Вообще, люди вели себя здесь очень непонятно. Они совсем не береглись, трогали все руками, садились даже на те стулья, от которых воняло совсем уж нестерпимо и горела попа и спина, если заставят присесть; заходили в комнаты, ярко полыхавшие сквозь стены черно-зеленой, иногда даже синей болью, мимо которых приходилось проходить побыстрее и зажмурясь, и даже старались попасть в эти страшные комнаты побыстрее, чем сосед. Меня очень удивляло, что мама так беспечна, но взрослые всегда все делали по-своему, и я не вмешивался: возможность вмешаться в действия больших мне даже в голову не приходила.

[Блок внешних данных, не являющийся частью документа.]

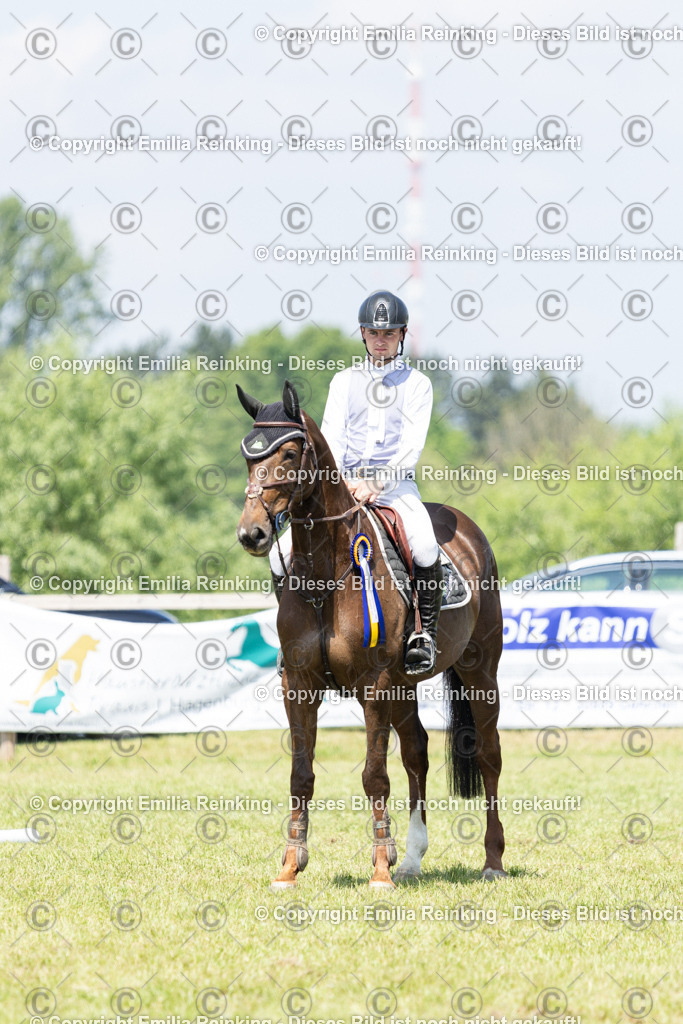 CL5A3781 | Emilia Reinking Fotografie - Realisiert mit Pictrs.com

Впрочем, раз было, когда мы с мамой пришли к одной двери, и мама хотела сесть на место тетеньки, которая только что встала и грустно пошла к нехорошей колючей двери. На месте тетки осталась грязно-красная жидкая пирамидка, как у меня, только не из разноцветных кружков с дырочкой, а целая и какая-то дурацкая, и я сначала даже подумал, что тетка ее накакала и почему никто над ней не смеется и не ругает, ведь она большая, а вон че сделала, но тут же заметил, что это такое же плохое, как и те серые пуховые платки на стульях, которые пачкают руки, словно потные бока керогаза. Мама хотела на нее сесть, но я сразу же упал — я в это время катался на валенках по линолеуму. Я специально стукнулся об пол головой и громко заревел, и одна плохая тетка сразу увидела, что я как притворюша, но сидела и ничего не говорила. Мама подошла и подняла меня, и подошла еще одна тетка, хорошая, и они стали отряхать меня, а мама смотрела, где я стукнулся, и ерошила мокрые волосы — от этого всего я сразу покрылся потом, а хорошая тетка сказала маме:

— Ты че его не разденешь, вон как взопрел-то.

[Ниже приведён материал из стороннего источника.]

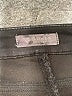 Guess 100% Cotton Black Jeans Size 32 waist - photo 7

— Да, вон какой весь, как мышь… — весело сказала мама, радостная оттого, что я стукнулся несильно и сразу перестал орать. — А ну, давай-ка пальто скинем, на самом деле…

— Бубука, — напомнил я маме. У меня была в кармане бесколесая машинка, которую звали Бубука, и мама сразу поняла меня и отдала мне Бубуку, выкрутив ее из кармана пальтишка:

— На свою бубуку. И не ходи далеко, чтоб я тебя не искала.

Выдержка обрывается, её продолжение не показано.